# Thread: Having Trouble with Relation Proof

1. ## Having Trouble with Relation Proof

So, I'm working on a relation proof, which is as follows.

Let < be the usual relation on Z. Prove that < o < is not equal to <.

So, I know that I want to prove that one is not a subset of another. And, I feel like multiplication can somehow be involved in this, but I'm not sure.

Please help guys. I'm retaking this class, and aside from set theory, this doesn't make much sense to me.

2. ## Re: Having Trouble with Relation Proof

By definition, $(x, z)\in S\circ R$ if there exists a $y$ such that $(x,y)\in R$ and $(y,z)\in S$. This is easy to visualize if $R=S$ and the relation $R$ is depicted as a directed graph (possibly with loops). That is, if $R$ is a binary relation on a set $A$, then elements of $A$ are drawn as vertices (or nodes, or points), and there is an arrow from vertex $x$ to vertex $y$ iff $(x,y)\in R$. One can take walks in such a graph by following arrows.

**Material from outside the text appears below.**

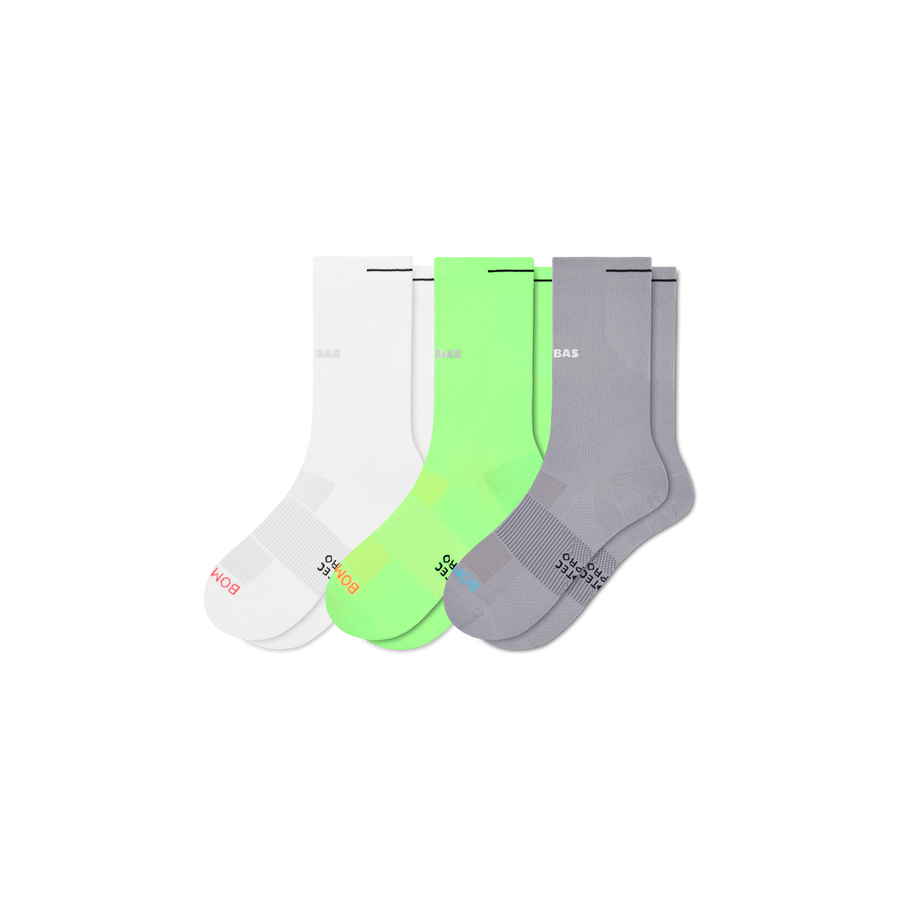 Women's RunPro Half Calf Sock 3-Pack - All Day Fit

Then $(x,z)\in R\circ R=R^2$ if one can make two steps following arrows of $R$: one from $x$ to some $y$ and the other from $y$ to $z$.

Applied to the case when $R$ is $<$, this means that $(x,z)\in{<}\circ{<}$ if there exists some $y$ such that $x<y<z$. How does this compare with simply $x<z$ when the underlying set is $\Bbb Z$? Which statement implies the other?